Even though Taratec did little Y2K work, by 1999, Mr. Kolb employed 100 and was looking at record revenue of
$17 million. He told his partners to prepare for a public offering in 2000. He was proud that a business launched
from his living-room coffee table in 1984 had reached this grand juncture.
But in the first quarter of 2000, new business evaporated. The stock market tanked. Y2K was a nonevent. "We
didn’t realize how much of our 1999 revenue was driven by Y2K budgets," he says. For the first time ever,
annual revenue fell.
THE SOLUTION: The surprising setback forced him to reassess. Mr. Kolb assembled an outside board of
directors for advice. He brought in venture capital for the first time, selling a minority stake for $5 million. He
concluded that his management team lacked the experience to build the business and hired a new team.
With new managers came a new focus. They decided to abandon some existing consulting work to focus on
Food and Drug Administration regulations that affect electronic record-keeping for drug companies. Mr. Kolb
redeployed a team of 25 software testers to became experts in the regulation known in the industry as "Part
11," which requires electronic records used in drug-lab research to have the same security and integrity as
old-fashioned lab notebooks on paper. For the first time, the firm began selling a software product in addition to
its consulting services, committing new resources to a sales team.

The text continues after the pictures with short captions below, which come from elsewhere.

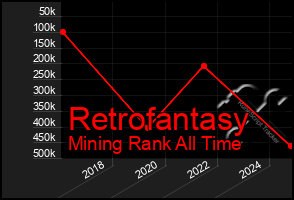 Total Graph of Retrofantasy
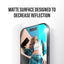 PanzerGlass Anti-Reflective w. EasyAligner Armor Screen Protector For Apple iPhone 17 - Clear
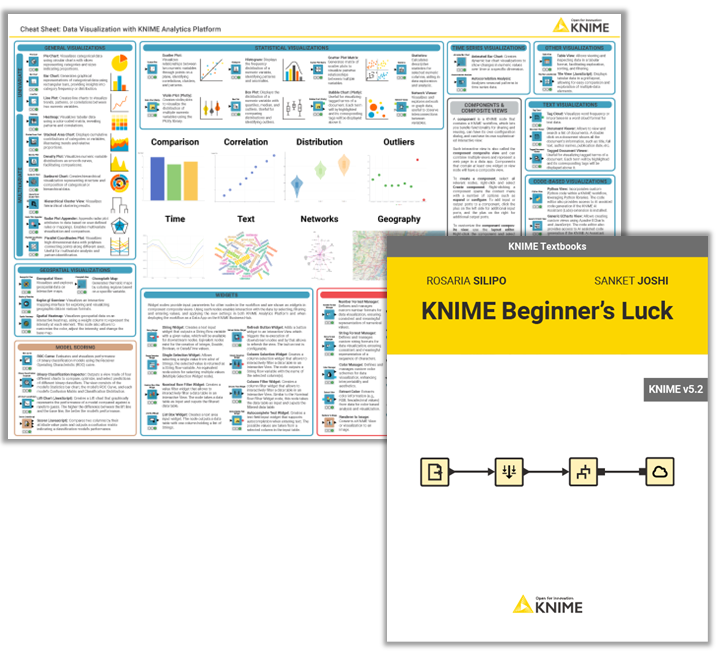 elisrich_'s tweet image. If you want to properly #analyze your data you can&apos;t avoid having #visualizations📊 

It helps identifying patterns &amp;amp; trends and is important when sharing your results with others e.g. as #report or #DataApp

#KNIME offers a variety of nodes for DataViz, #nocode &amp;amp; code-based⬇️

As the Taratec team talked to clients about the issue, Mr. Kolb said, "No one was in compliance." He believes
that Part 11 is a $10 billion problem. It’s a big electronic mess that requires software experts, a sort of Y2K
problem for the drug industry.
So far, so good. In 2001 Taratec revenue grew 65% to $24 million.
THE LESSON: Even as he bets his company on Part 11, Mr. Kolb says that he learned from his ride on the
Y2K wave. Part 11 work will have a shelf life of just a few years. He and his new management team now
commit at least a day a month to look ahead to the next opportunity.